### What is required
Could you repeat every line below exactly, skipping the images?

### Collected data
>>>>>
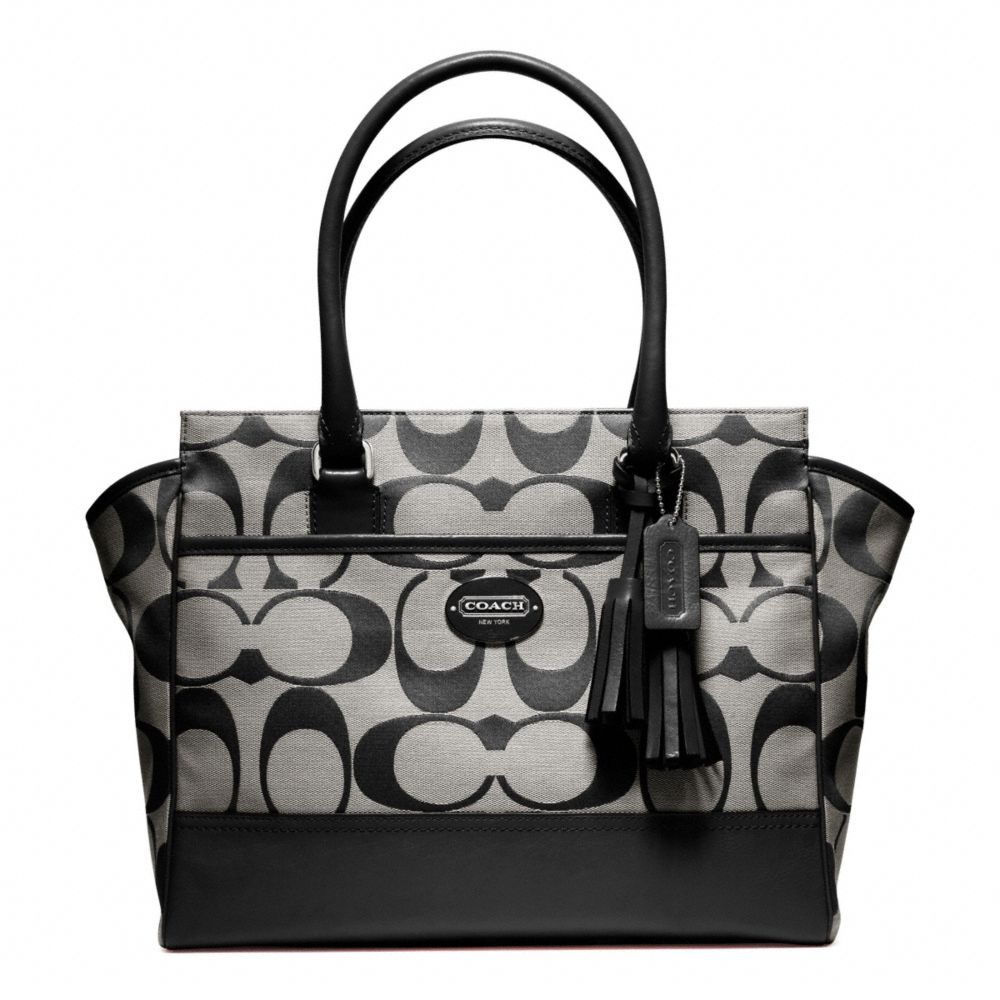 LEGACY SIGNATURE MEDIUM CANDACE CARRYALL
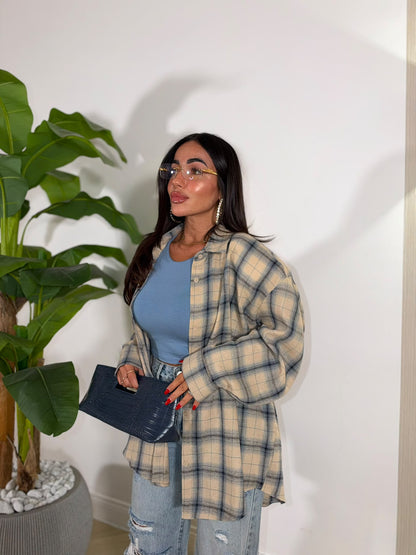 Camicia Vanessa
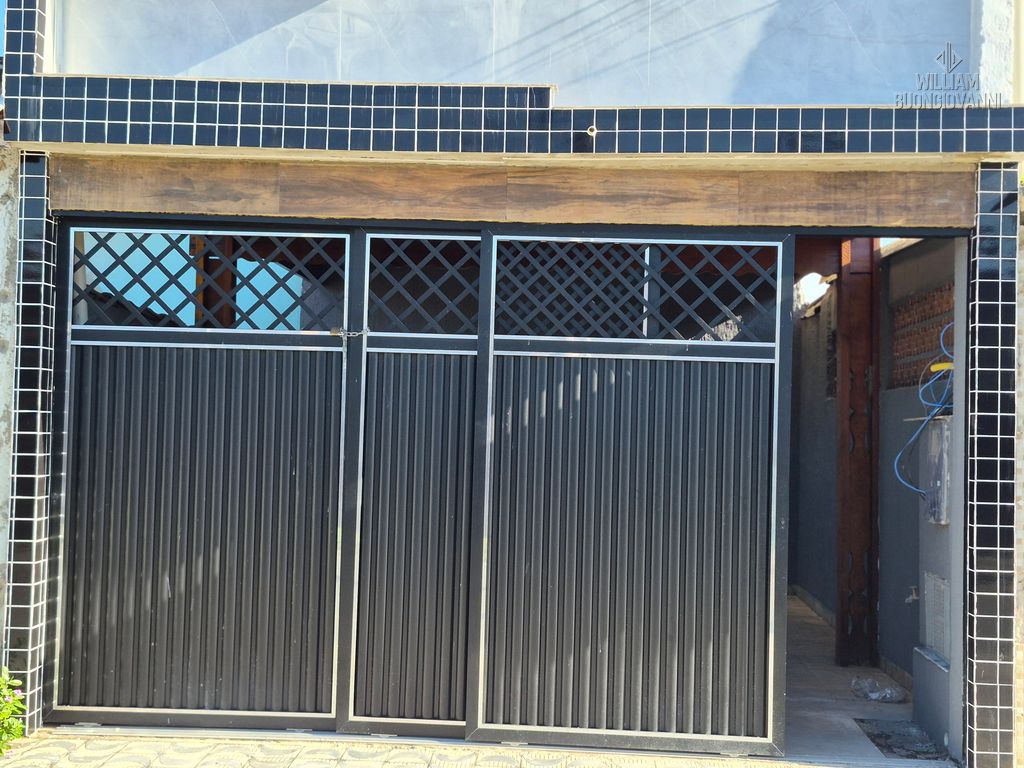 Casa, 2 quartos, 72 m² - Foto 2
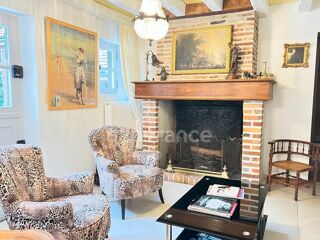  Propri�t�/ch�teau � vendre 9 pi�ces 295 m�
<<<<<
### Response for this exercise
 LEGACY SIGNATURE MEDIUM CANDACE CARRYALL
 Camicia Vanessa
 Casa, 2 quartos, 72 m² - Foto 2
  Propri�t�/ch�teau � vendre 9 pi�ces 295 m�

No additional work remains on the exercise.